=== Begin Enclosure ===

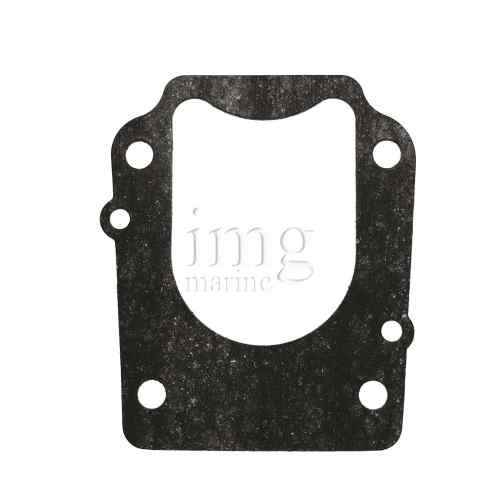 Guarnizione Pompa/Piede Suzuki 4864009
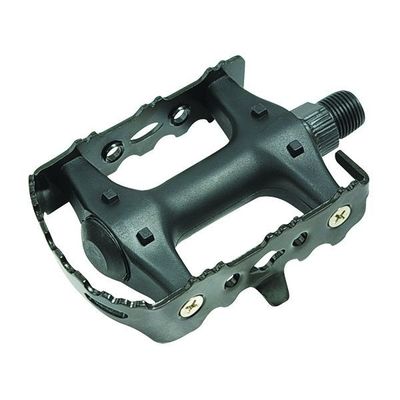 Bike Pedals UP-132 (MTB)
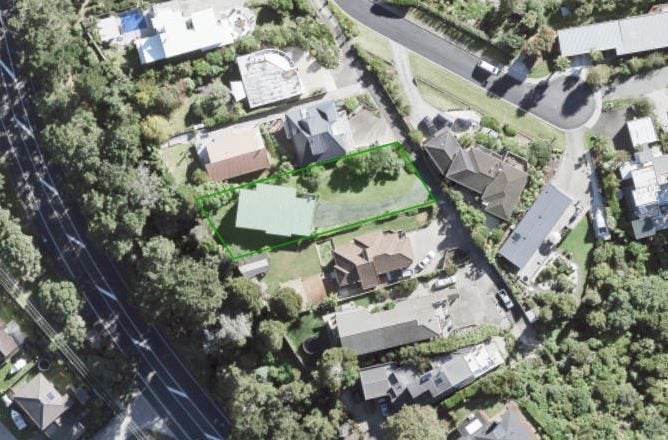 7 Sykes Avenue, Hatfields Beach, Orewa - Carousel 28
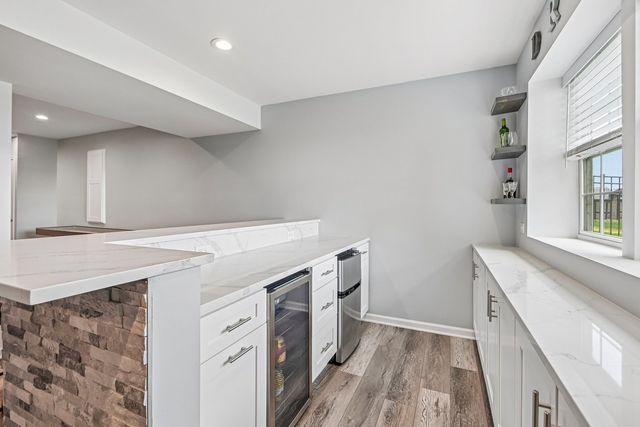14908 Richton Drive, Lockport, IL 60441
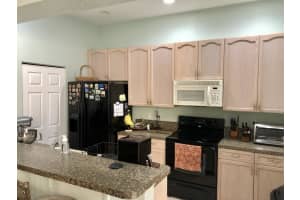 600 NW 24th Ave, Boynton Beach, FL 33426, Sold 03/18/22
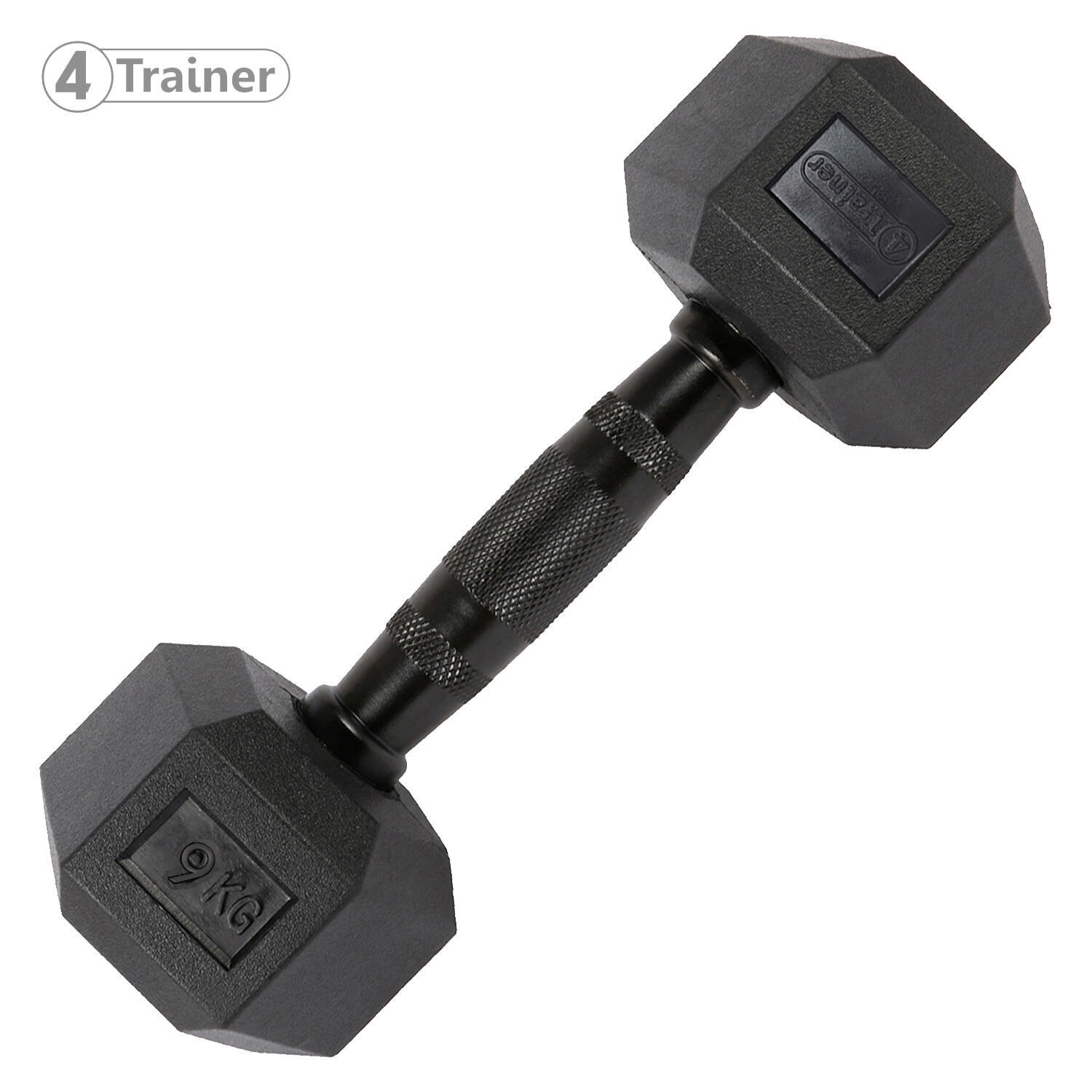 4TRAINER picture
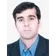 دکتر سیدرضا متولی ابیازنی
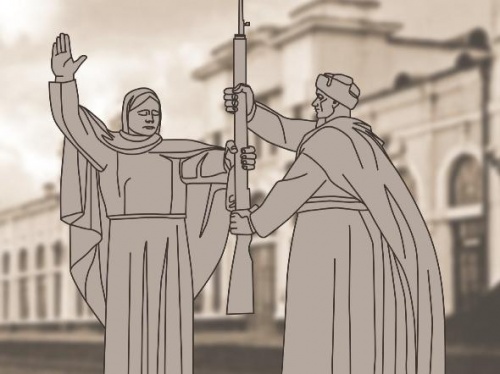 Специалисты Пушкинской библиотеки расскажут малоизвестные факты о Томске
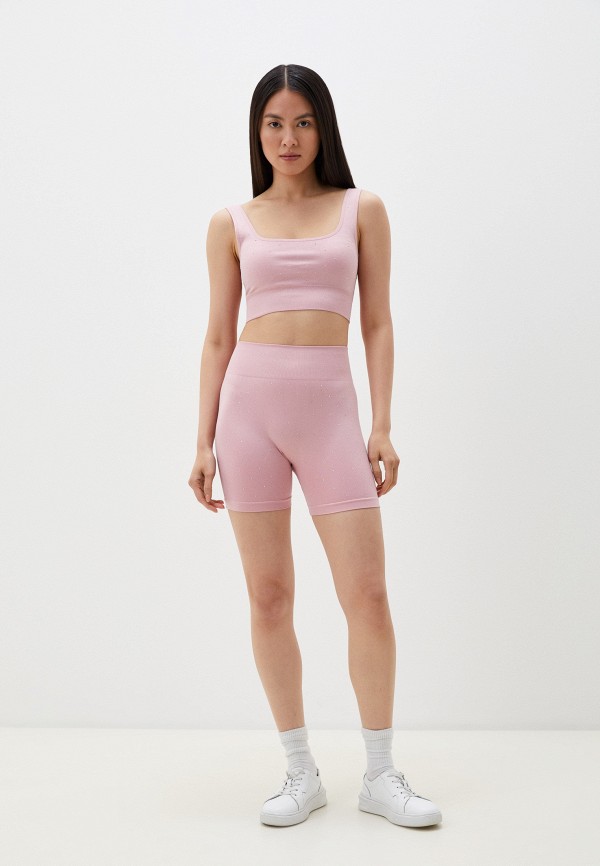 Befree Велосипедки - Woman Sport - фото 2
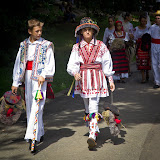 IMG_6062.jpg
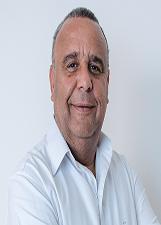 Foto de APARECIDO SOUZA SANTOS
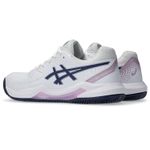 Zapatilla-ASICS-Gel-Dedicate-8-Clay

=== End Enclosure ===

Required action: Make an exact copy of the records, pictures excluded.

Solution:
 Guarnizione Pompa/Piede Suzuki 4864009
 Bike Pedals UP-132 (MTB)
 7 Sykes Avenue, Hatfields Beach, Orewa - Carousel 28
14908 Richton Drive, Lockport, IL 60441
 600 NW 24th Ave, Boynton Beach, FL 33426, Sold 03/18/22
 4TRAINER picture
 دکتر سیدرضا متولی ابیازنی
 Специалисты Пушкинской библиотеки расскажут малоизвестные факты о Томске
 Befree Велосипедки - Woman Sport - фото 2
 IMG_6062.jpg
 Foto de APARECIDO SOUZA SANTOS
 Zapatilla-ASICS-Gel-Dedicate-8-Clay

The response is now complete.